Markel CATCo Investment Management’ in run-off retrocession focused investment fund, the CATCo Reinsurance Opportunities Fund Ltd., is expecting another significant release of trapped capital, with another $37.9 million from its side pockets set to be returned to investors.
The CATCo Reinsurance Opportunities Fund has continued to experience positive releases, as its side pockets prove more than adequate to cover certain older loss reserves.
Markel CATCo Investment Management continues to manage the run-off of its retrocessional reinsurance fund portfolios, returning capital to third-party investors where it has been able to through a reverse tender offer and a series of share buy-backs.
The CATCo Reinsurance Opportunities Fund, which was a stock exchange listed strategy, had a significant amount of its capital retained and collateral trapped in side pockets related to losses and catastrophe events from prior underwriting years.
As the loss picture has clarified for a number of those side pockets, effectively the trapped insurance-linked securities (ILS) capital (or collateral) that the manager had set aside to pay any potential losses on events as they developed, in some cases the losses have developed below where the reserves had been originally set, allowing a portion of the excess capital in the side pockets to be released.
This morning, the fund company announced a new side pocket release amounting to $37.9 million, from across side pockets related to 2018 and 2019 catastrophe loss events.
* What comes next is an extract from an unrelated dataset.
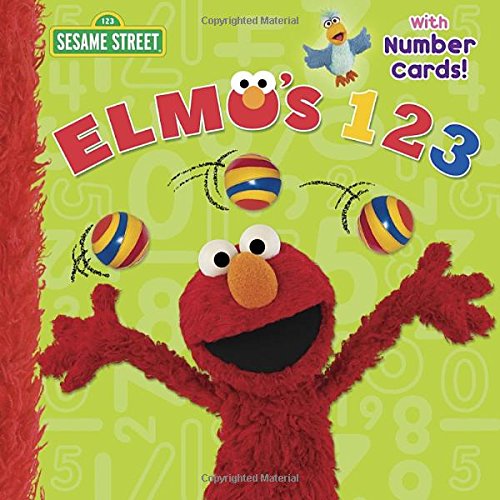 Elmo's 123 by Random House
In total, $8.72 million is being released from the 2018 side pocket, with the remaining $29.18 million coming from the 2019 side pocketed loss reserves.
The total side pocket release is split as $7 million from ordinary shares in the CATCo Reinsurance Opportunities Fund and $30.9 million from the funds C share class.
The roughly $37.9 million of released capital is expected to be paid back to the investment manager in September 2020, with the company then intending to use it to carry out a fourth compulsory partial redemption of its issued share capital.
As a result, investors will get back more of their capital that had perhaps been presumed lost to catastrophe events, demonstrating once again that while Markel CATCo had been beset by an aggregation of losses over the last few years that destroyed fund capital and value, the company had still been reserving prudently in many cases, as evidenced by this now third release of capital from side pocket reserves.
The company’s investors then benefited from releasing a further $15.8 million from side pockets in July.
These returns of capital from side pockets have in each case been used to accelerate the running-off of the Markel CATCo retro investment fund, with funds returned to investors to redeem their shares.
Markel CATCo always professed that it would find its side pocket reserves had been set prudently, with not all of the capital within them needed to support the eventual losses in many cases.
That has proven to be the case now three times in succession, to the benefit of investors in the strategy who will now get a faster exit from this running-off of the retro fund and benefit from a return of capital that some investors may have already assumed was destined to be lost.